Comme tout interrupteur utilisé dans le contexte de la conversion d’énergie, les « disjoncteurs électroniques » sont associés par paire pour former des cellules de commutation. Dans le cadre de ce travail consacré au thyristor-dual disjoncteur, deux applications importantes peuvent être présentées :
– Le redresseur synchrone auto-commuté [10] (figure 8 a). Il s’agit du convertisseur AC/DC réversible en courant. La source AC est typiquement un transformateur raccordé au réseau, dont le secondaire possède un point milieu. La source DC est typiquement une charge ou un élément de stockage susceptible de renvoyer de l’énergie sur le réseau. Lors du changement de signe de la tension réseau, la diode opposée à l’interrupteur conducteur s’amorce et crée alors une maille de court-circuit, identique au processus d’empiètement d’un redresseur à la différence ici qu’il crée un courant additif dans l’interrupteur initialement amorcé : le courant traversant l’interrupteur augmente jusqu’à atteindre le niveau de disjonction. L’interrupteur initialement passant se bloque et le courant de charge est aiguillé spontanément vers l’interrupteur opposé.
– l’onduleur auto-oscillant (figure 8 b). Il s’agit du convertisseur DC/AC réversible en puissance. La source DC est typiquement une source de tension filtrée et découplée. La source AC est un transformateur dont le primaire est raccordé à l’onduleur et le secondaire raccordé à une charge. C’est typiquement le courant magnétisant du transformateur associé au courant de charge qui déclenche la disjonction et le blocage de l’interrupteur. Dès que ce courant total atteint le niveau de disjonction, la tension aux bornes du transformateur s’inverse ainsi que le sens d’évolution du courant. L’interrupteur initialement passant se bloque et la diode associée au deuxième interrupteur assure la conduction du courant.

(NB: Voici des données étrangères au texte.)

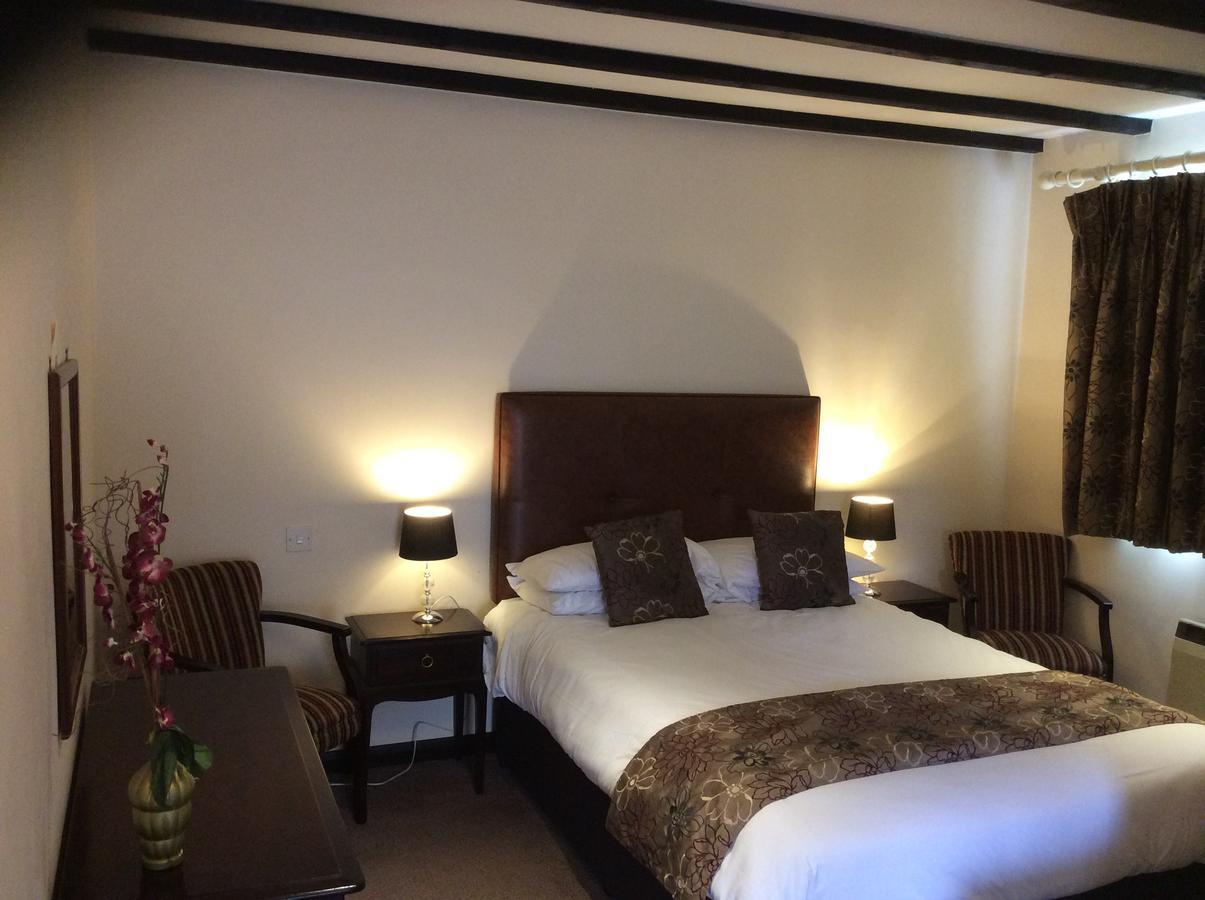 The Coach & Horses Inn Chislehampton ภายนอก รูปภาพ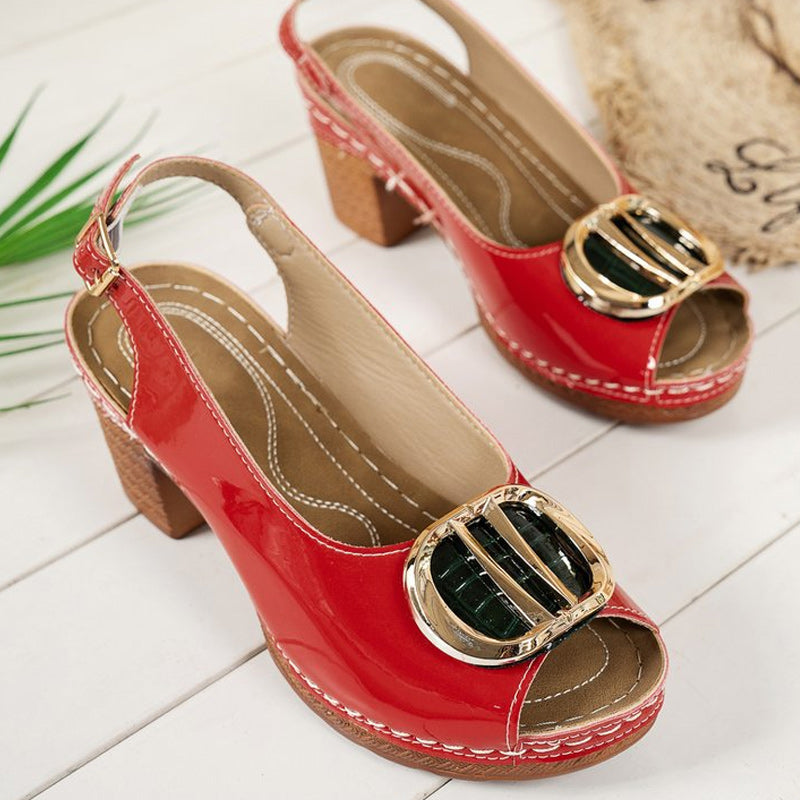 Sandalen mit klobigem Absatz und Schnalle EB EB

Quand le courant change de signe, la diode se bloque et l’interrupteur qui lui est associé s’amorce. La condition de commutation automatique repose ici sur la forme d’onde du courant de charge et elle est donc dépendante de la nature de la charge.

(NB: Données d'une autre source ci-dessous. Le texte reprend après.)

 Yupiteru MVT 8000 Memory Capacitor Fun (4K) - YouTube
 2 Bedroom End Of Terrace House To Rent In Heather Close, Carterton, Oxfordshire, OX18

Citons pour information une troisième application qui peut être réalisée en associant les deux cellules précédentes : le transformateur à courant continu réversible (figure 9). Son principe de fonctionnement est le suivant : la cellule onduleur fonctionne grâce à l’inductance magnétisante du transformateur et crée une source de tension alternative permettant la commutation de la cellule redresseur. Ce montage réalise ainsi une liaison isolée entre deux sources continues. L’utilisation de convertisseurs autonomes permet d’obtenir un dispositif potentiellement hautement intégré à quatre bornes, similaire au transformateur classique fonctionnant en alternatif.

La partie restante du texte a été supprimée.